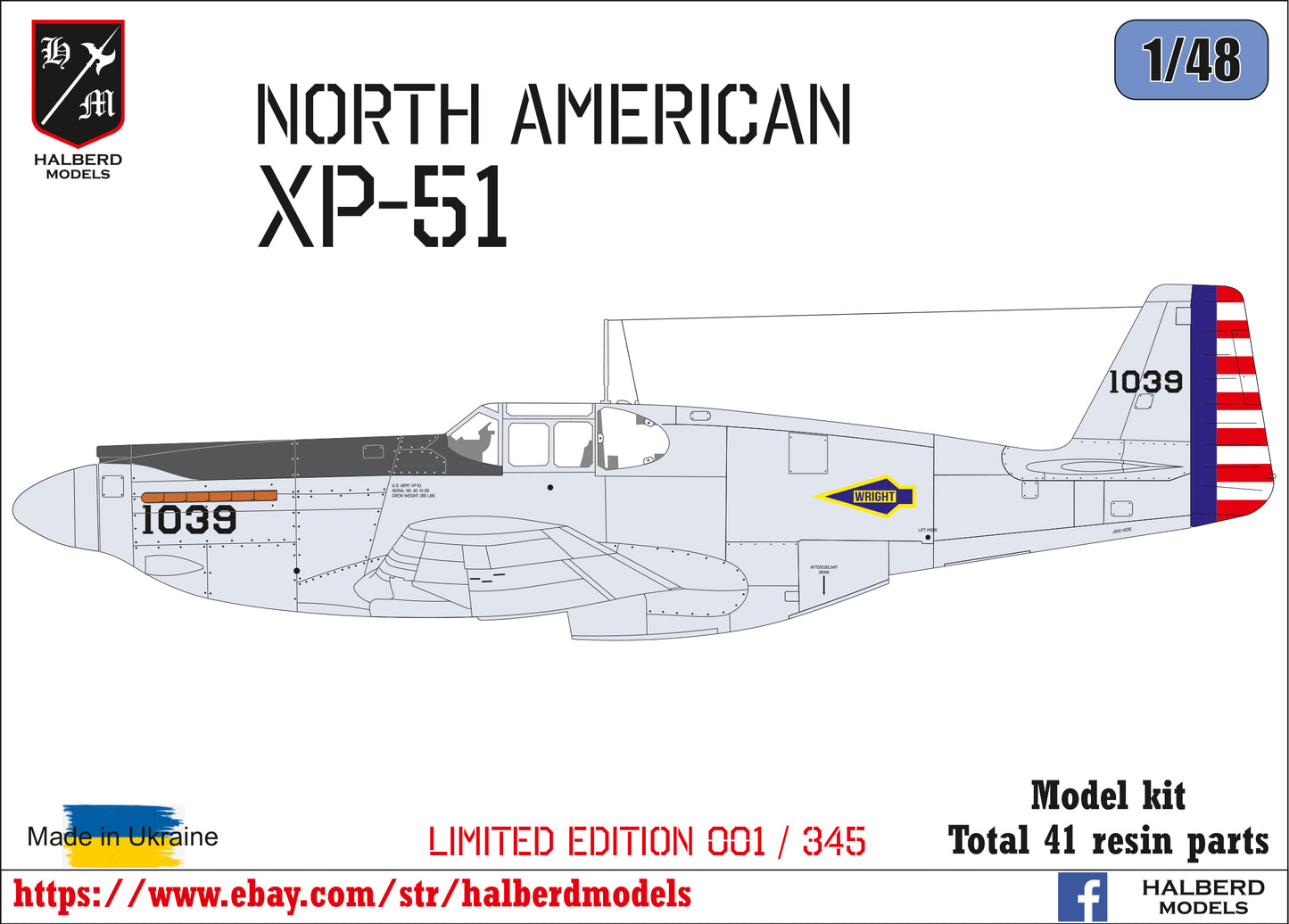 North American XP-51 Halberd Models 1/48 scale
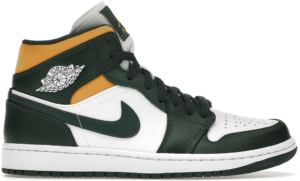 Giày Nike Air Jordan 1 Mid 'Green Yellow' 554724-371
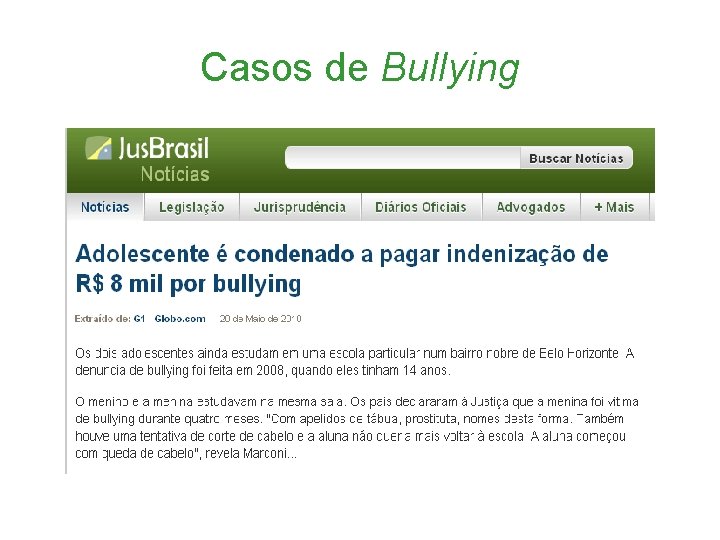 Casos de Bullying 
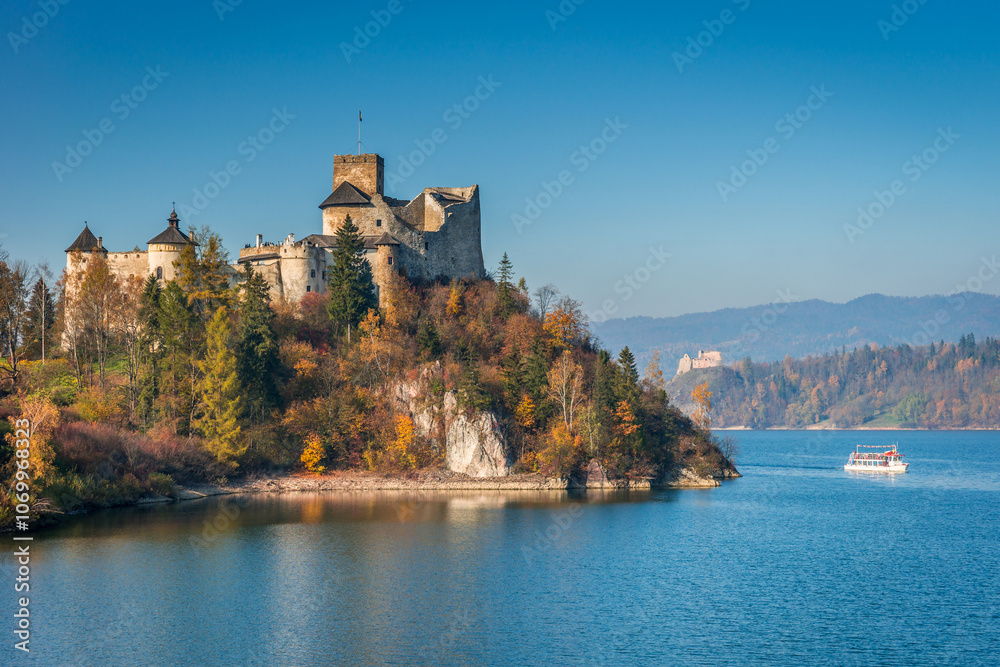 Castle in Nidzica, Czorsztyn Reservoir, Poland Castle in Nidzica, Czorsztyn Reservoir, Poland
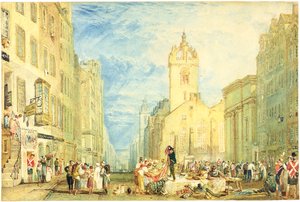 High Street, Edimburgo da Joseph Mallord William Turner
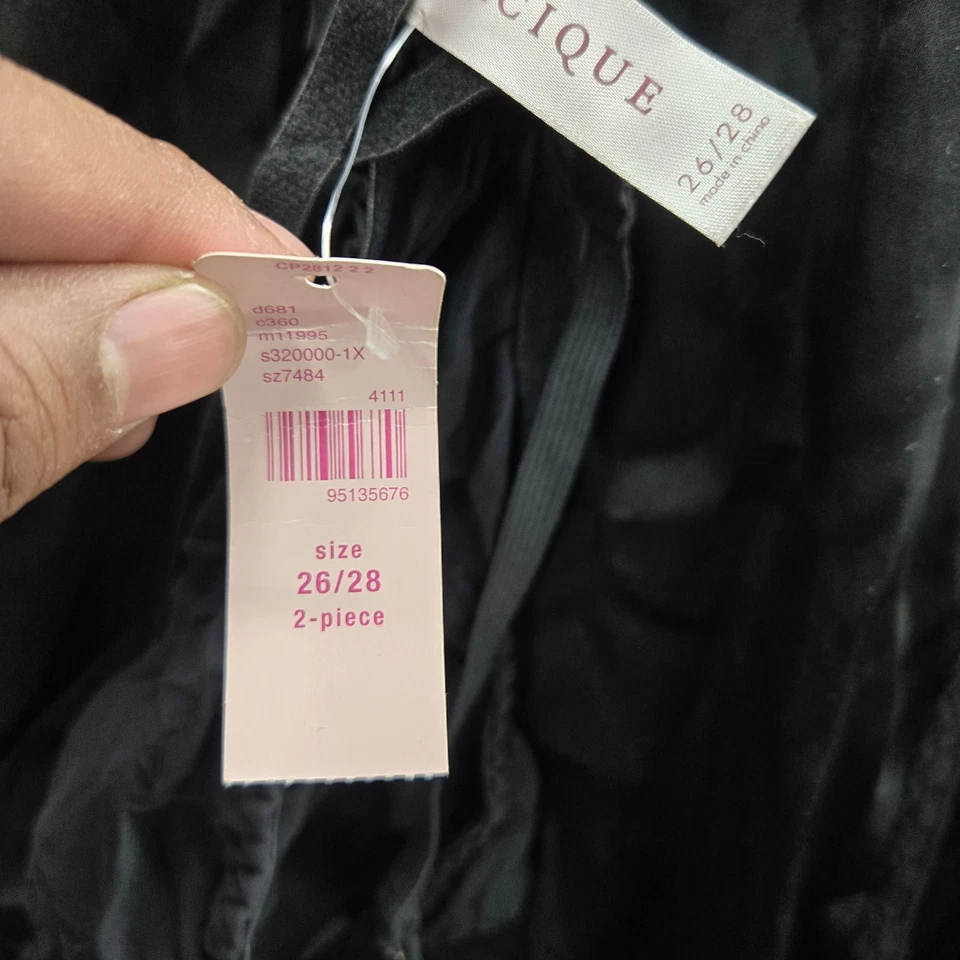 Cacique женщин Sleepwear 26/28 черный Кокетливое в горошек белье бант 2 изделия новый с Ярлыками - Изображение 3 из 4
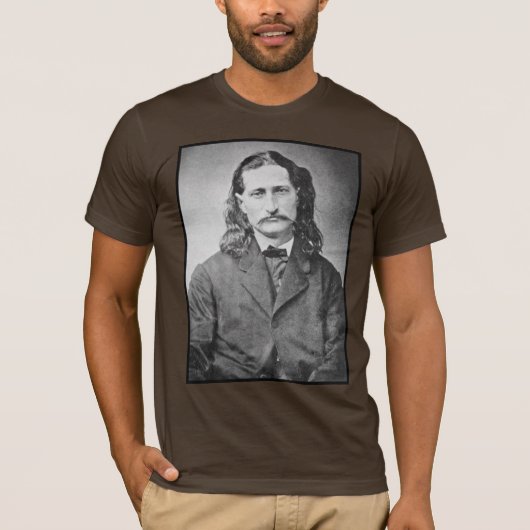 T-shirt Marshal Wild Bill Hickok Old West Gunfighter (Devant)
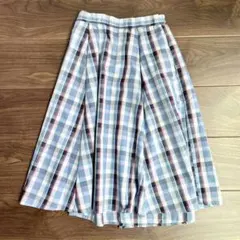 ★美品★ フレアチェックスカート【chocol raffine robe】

→ **What the exercise asks**: Could you reproduce all of the data above exactly and skip any image?

→ **Solved problem**:
 North American XP-51 Halberd Models 1/48 scale
 Giày Nike Air Jordan 1 Mid 'Green Yellow' 554724-371
 Casos de Bullying 
 Castle in Nidzica, Czorsztyn Reservoir, Poland Castle in Nidzica, Czorsztyn Reservoir, Poland
 High Street, Edimburgo da Joseph Mallord William Turner
 Cacique женщин Sleepwear 26/28 черный Кокетливое в горошек белье бант 2 изделия новый с Ярлыками - Изображение 3 из 4
 T-shirt Marshal Wild Bill Hickok Old West Gunfighter (Devant)
 ★美品★ フレアチェックスカート【chocol raffine robe】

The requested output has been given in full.